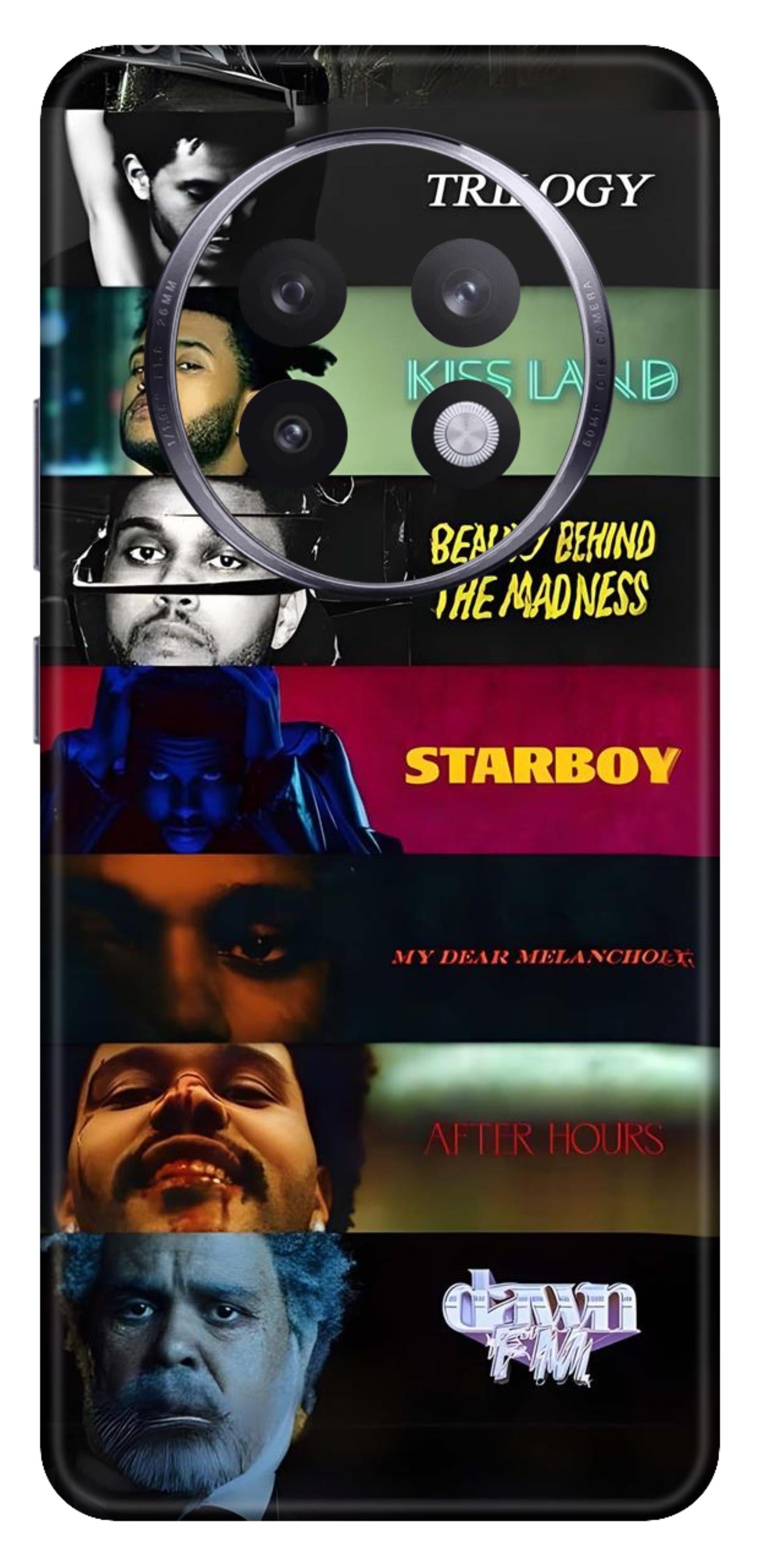 Realme 13 Plus 5G Skins and Wraps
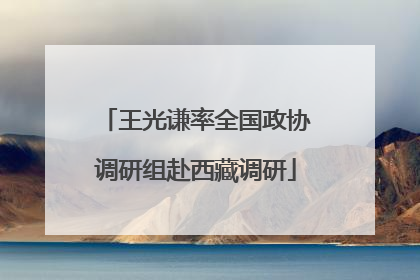 王光谦率全国政协调研组赴西藏调研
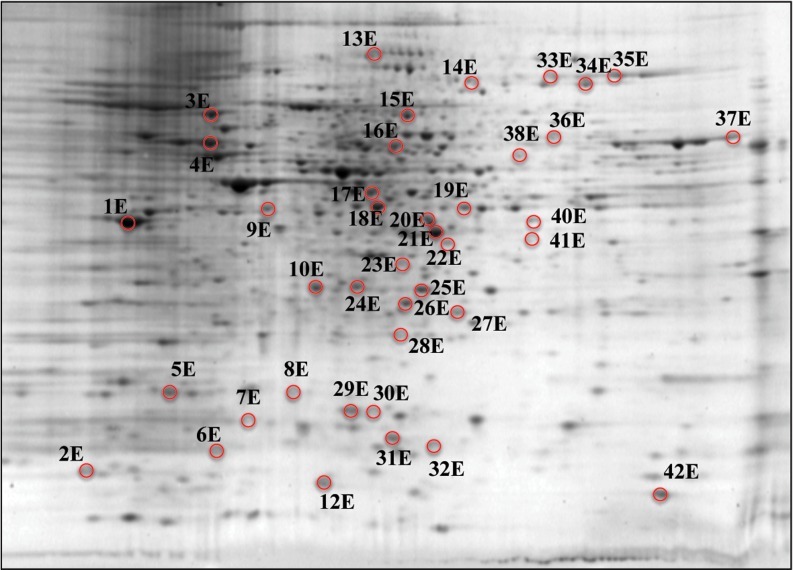 FIG. 5.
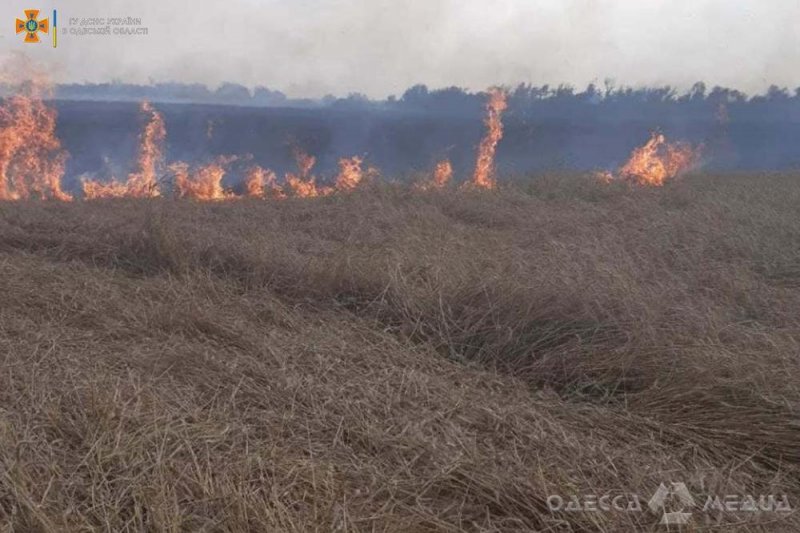 Молния едва не сожгла 170 га хлебного поля в Одесской области (фото)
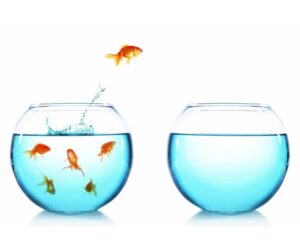 a goldfish jumping out of a bowl of water into another fishbowl snowbird living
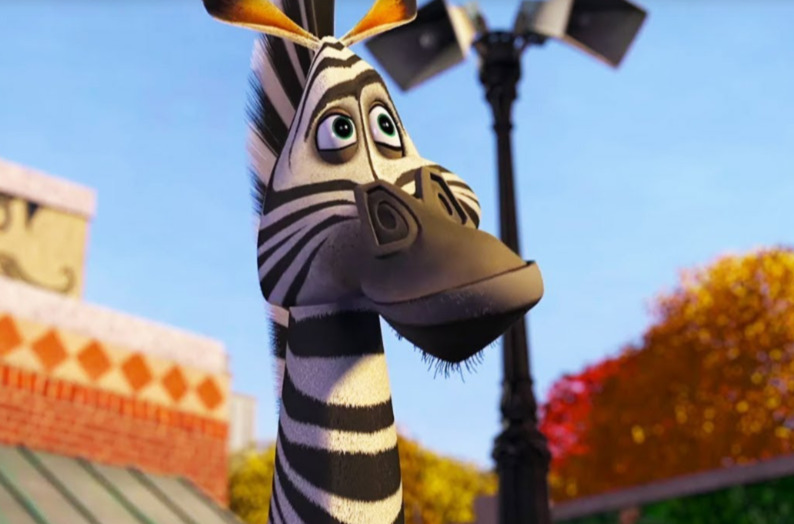 Na animação, Marty - personagem de "Madagascar" - é uma zebra das planícies, nativa desde a Etiópia até a África do Sul.  Marty ganhou popularidade entre a garotada. 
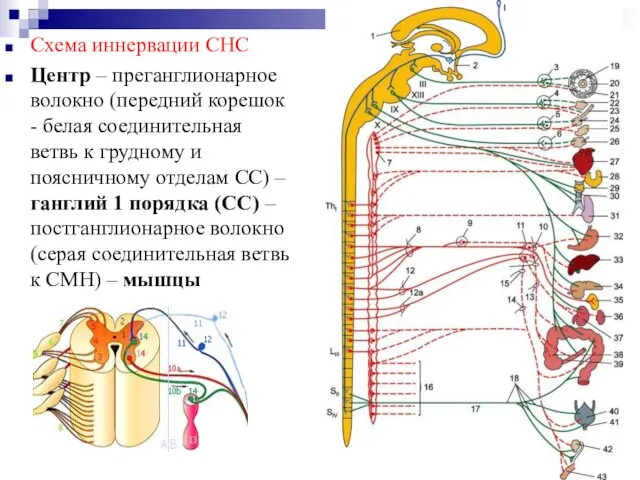 Схема иннервации СНС Центр – преганглионарное волокно (передний корешок - белая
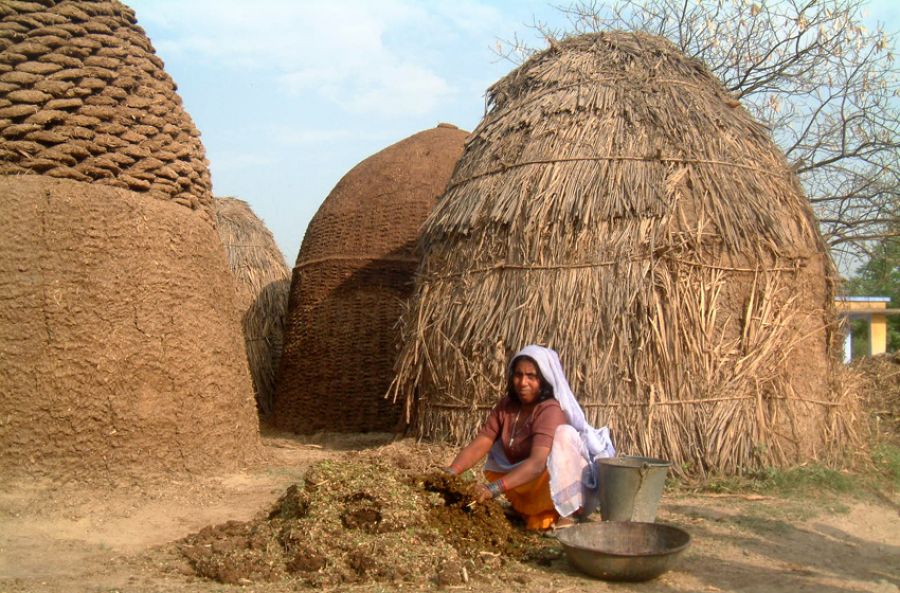 गँवारपन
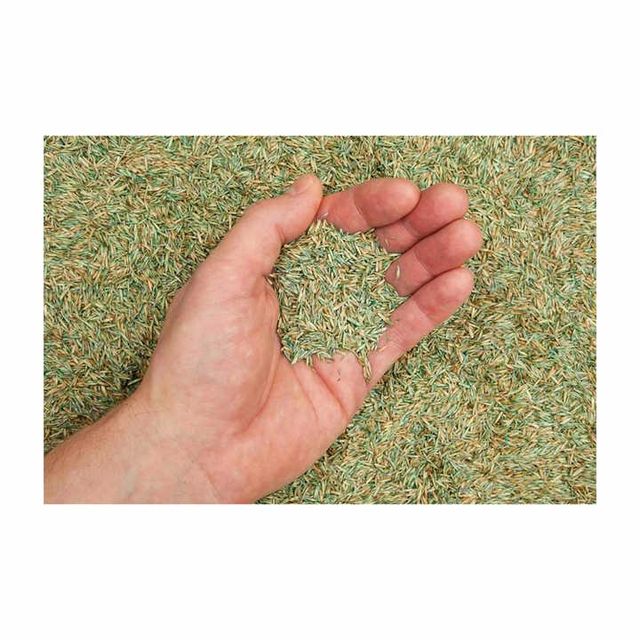 Premium Alfalfa Seed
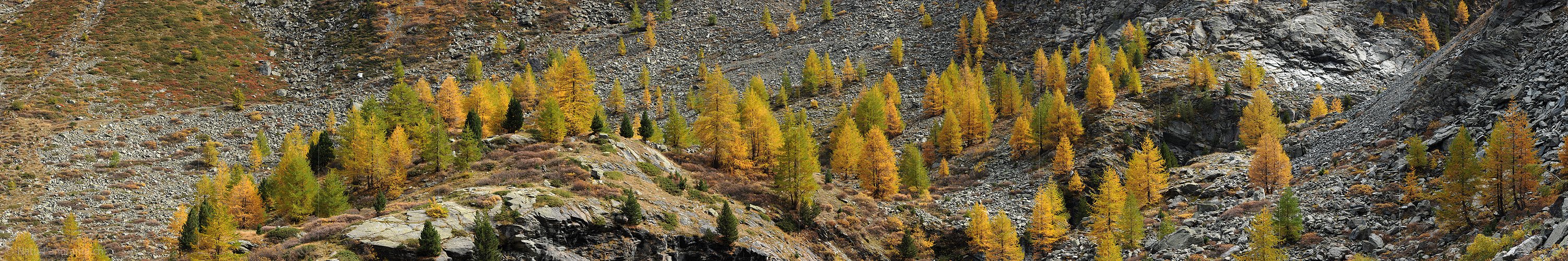 P005716: Panoramabild Lärchen in felsiger Umgebung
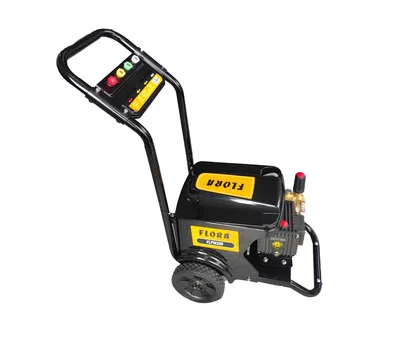 Flora PW 200 Basınçlı Yıkama Makinası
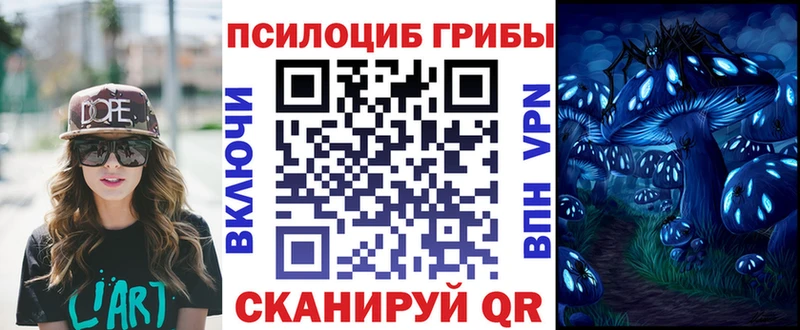 Псилоцибиновые грибы ЛСД  ОМГ ОМГ рабочий сайт  Новомосковск 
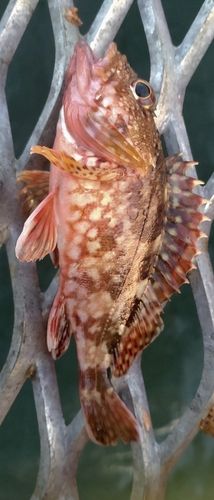 カサゴの釣果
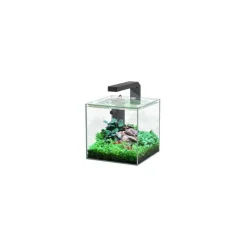 Best AQUATLANTIS Aquarium équipé Nano - 22L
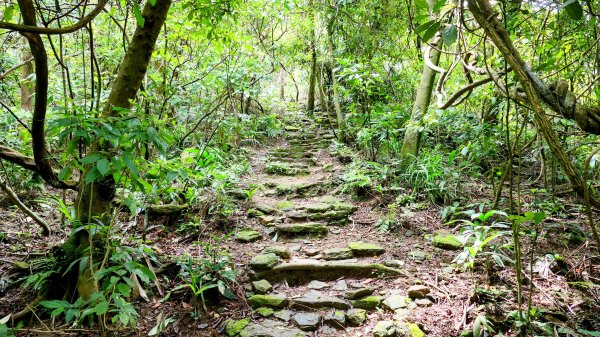 暖東峽谷大環小環2834408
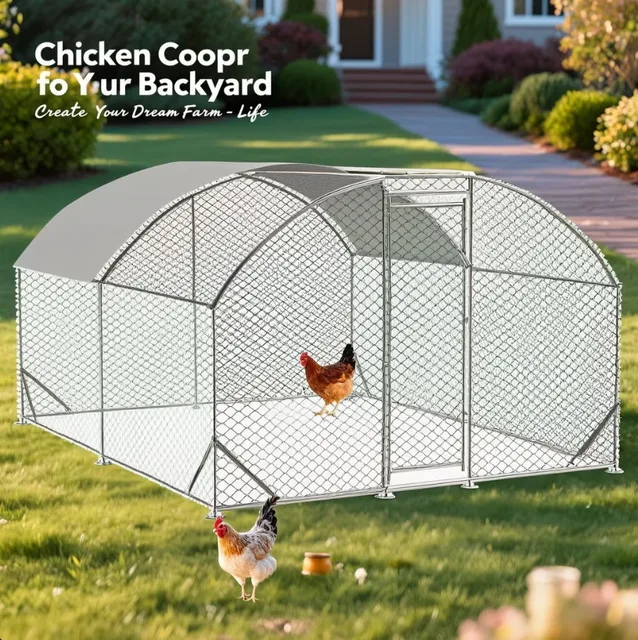 Chicken Coop 9.84' 13.12' 6.56'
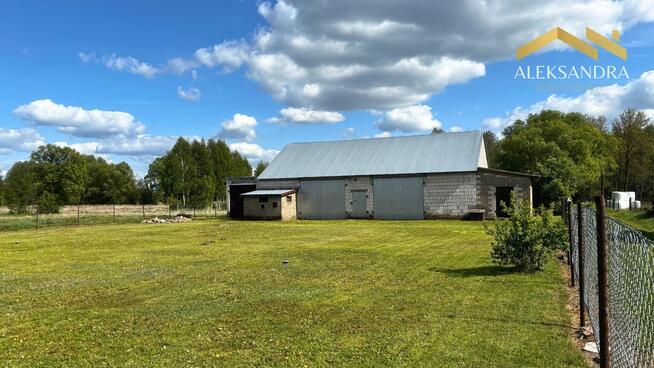 Siedlisko z potencjałem - na zadrzewionej działce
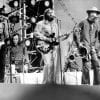 Beach Boys in Central Park 1971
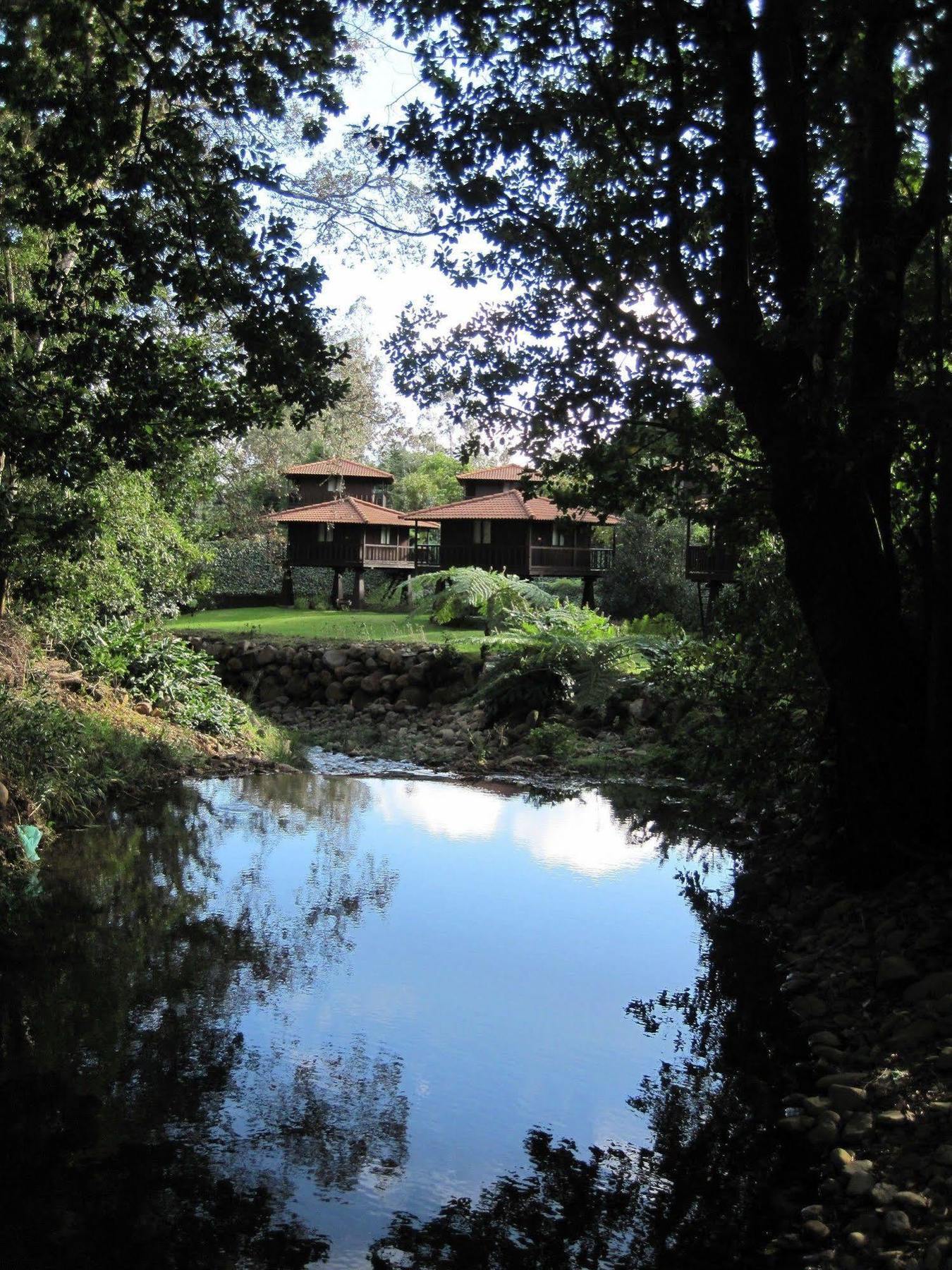 Quinta Das Eiras Santo Antonio da Serra Exteriér fotografie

────

* **ASSIGNMENT**
Your task is to set down exactly the lines that run from the line holding "a goldfish jumping" through the close of the entries, including both ends. Pictures stay out.

* **PROBLEM SOLUTION**
 a goldfish jumping out of a bowl of water into another fishbowl snowbird living
 Na animação, Marty - personagem de "Madagascar" - é uma zebra das planícies, nativa desde a Etiópia até a África do Sul.  Marty ganhou popularidade entre a garotada. 
 Схема иннервации СНС Центр – преганглионарное волокно (передний корешок - белая
 गँवारपन
 Premium Alfalfa Seed
 P005716: Panoramabild Lärchen in felsiger Umgebung
 Flora PW 200 Basınçlı Yıkama Makinası
 Псилоцибиновые грибы ЛСД  ОМГ ОМГ рабочий сайт  Новомосковск 
 カサゴの釣果
 Best AQUATLANTIS Aquarium équipé Nano - 22L
 暖東峽谷大環小環2834408
 Chicken Coop 9.84' 13.12' 6.56'
 Siedlisko z potencjałem - na zadrzewionej działce
 Beach Boys in Central Park 1971
 Quinta Das Eiras Santo Antonio da Serra Exteriér fotografie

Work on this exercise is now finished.